В конце декабря 2012 года коллекционеры Сергей и Татьяна Подстаницкие передали в дар музею-заповеднику «Царское Село» похищенную из Екатерининского дворца в годы войны картину Карла Фридриха Шульца «Чины Крымско-татарского эскадрона лейб-гвардии Казачьего полка». Это уже третья картина, возвращенная Подстаницкими музею. Зачем коллекционеры отдают картины музеям и что такое коллекционер в современной России Сергей Подстаницкий рассказал в интервью.

– Сергей,  вам нет и сорока лет, и поэтому не совсем похожи на коллекционера в традиционном представлении.  Наверное, не ошибусь, если скажу, что в России  редкость, когда молодой человек занимается коллекционированием произведений искусства?

–  Времена меняются. Сейчас старое поколение коллекционеров практически полностью ушло. В Петербурге и Москве  их остались единицы.
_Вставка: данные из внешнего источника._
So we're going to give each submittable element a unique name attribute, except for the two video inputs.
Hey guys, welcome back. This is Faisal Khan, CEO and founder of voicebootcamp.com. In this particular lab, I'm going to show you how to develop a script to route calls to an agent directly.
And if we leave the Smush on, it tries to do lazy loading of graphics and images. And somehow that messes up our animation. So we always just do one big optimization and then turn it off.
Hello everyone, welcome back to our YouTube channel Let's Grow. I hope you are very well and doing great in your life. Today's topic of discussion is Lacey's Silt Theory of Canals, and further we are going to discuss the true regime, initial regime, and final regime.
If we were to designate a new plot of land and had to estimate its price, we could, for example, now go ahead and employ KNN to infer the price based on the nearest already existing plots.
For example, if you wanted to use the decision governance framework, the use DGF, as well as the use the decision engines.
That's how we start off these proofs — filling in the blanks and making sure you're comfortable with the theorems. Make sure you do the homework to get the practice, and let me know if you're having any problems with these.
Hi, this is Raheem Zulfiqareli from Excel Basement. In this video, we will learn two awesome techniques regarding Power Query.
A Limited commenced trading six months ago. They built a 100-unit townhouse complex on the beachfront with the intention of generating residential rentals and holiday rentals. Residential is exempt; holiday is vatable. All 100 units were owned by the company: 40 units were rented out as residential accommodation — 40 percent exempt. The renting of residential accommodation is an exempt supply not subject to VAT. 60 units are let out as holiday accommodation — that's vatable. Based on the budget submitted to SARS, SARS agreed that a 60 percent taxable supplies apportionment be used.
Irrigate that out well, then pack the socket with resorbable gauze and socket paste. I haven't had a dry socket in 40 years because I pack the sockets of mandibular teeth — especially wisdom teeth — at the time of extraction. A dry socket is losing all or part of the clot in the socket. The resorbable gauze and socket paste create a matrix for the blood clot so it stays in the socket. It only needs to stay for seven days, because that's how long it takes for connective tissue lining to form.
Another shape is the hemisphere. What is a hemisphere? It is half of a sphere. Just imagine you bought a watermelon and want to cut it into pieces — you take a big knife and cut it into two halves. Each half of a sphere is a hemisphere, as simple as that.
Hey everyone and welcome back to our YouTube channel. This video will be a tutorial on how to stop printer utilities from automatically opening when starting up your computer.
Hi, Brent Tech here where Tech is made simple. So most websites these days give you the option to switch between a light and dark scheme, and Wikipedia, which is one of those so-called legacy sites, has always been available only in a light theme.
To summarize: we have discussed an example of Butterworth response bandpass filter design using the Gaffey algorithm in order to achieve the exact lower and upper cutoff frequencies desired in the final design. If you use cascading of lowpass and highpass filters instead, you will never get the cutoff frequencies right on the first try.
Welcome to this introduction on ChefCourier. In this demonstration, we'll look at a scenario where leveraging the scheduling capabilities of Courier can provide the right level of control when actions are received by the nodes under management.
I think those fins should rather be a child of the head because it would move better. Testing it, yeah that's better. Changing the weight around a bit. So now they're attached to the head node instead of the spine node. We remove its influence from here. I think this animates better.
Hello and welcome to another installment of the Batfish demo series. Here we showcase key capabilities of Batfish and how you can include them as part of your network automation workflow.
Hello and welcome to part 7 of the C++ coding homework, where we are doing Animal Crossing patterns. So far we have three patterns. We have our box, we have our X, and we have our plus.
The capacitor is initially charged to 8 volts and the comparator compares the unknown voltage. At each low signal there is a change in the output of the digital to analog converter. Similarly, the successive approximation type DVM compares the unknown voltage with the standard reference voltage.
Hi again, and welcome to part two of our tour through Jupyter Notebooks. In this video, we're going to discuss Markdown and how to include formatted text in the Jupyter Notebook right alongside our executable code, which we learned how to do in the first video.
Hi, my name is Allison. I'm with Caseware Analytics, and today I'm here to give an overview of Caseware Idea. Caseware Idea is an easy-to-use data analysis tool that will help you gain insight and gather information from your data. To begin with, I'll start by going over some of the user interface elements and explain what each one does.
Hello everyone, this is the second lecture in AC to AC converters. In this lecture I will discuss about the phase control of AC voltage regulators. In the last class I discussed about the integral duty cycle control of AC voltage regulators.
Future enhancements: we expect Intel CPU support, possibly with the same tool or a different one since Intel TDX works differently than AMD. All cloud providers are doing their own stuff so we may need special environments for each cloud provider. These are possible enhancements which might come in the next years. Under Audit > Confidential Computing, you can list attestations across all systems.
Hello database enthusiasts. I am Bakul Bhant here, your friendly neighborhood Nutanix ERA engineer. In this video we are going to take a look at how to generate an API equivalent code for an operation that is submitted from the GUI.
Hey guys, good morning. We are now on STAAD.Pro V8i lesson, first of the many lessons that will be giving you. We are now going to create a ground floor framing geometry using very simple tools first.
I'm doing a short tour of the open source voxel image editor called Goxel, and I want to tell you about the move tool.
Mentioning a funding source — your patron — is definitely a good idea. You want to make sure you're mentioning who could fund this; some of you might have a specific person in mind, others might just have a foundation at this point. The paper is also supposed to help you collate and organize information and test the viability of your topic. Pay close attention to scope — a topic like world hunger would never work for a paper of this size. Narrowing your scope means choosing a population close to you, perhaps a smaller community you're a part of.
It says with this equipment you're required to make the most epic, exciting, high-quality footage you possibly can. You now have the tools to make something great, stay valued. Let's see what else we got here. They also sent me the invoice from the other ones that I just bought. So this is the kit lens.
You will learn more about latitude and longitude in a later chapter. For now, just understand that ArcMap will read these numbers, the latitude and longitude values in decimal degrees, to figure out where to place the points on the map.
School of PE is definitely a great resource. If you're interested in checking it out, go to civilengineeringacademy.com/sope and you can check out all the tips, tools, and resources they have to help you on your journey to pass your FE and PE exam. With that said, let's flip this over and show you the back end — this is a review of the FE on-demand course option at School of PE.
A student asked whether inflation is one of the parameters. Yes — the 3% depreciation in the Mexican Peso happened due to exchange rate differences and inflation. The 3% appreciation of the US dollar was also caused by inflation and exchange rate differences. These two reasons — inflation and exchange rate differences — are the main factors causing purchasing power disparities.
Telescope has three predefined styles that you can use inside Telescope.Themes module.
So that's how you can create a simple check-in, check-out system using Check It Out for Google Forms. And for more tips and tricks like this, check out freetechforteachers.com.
Сегодня среди коллекционеров преобладает средний возраст. Приходит поколение молодых коллекционеров, у них совсем другой подход к формированию коллекций,  да и информацию они получают иными путями, не так, как прежнее поколение.

– Кто они?

– Это могут быть топ-менеджеры до сорока лет, владельцы компаний, просто представители среднего класса.

– Для них картины и произведение искусства  вкладывание денег?

– Как раз нет.  Приходят люди, которые коллекционируют для удовольствия, и не думают, как бы потом это перепродать.

– Мне довелось общаться с  одним петербургским коллекционером. Он говорил, что коллекционирование – это страсть. Он прав?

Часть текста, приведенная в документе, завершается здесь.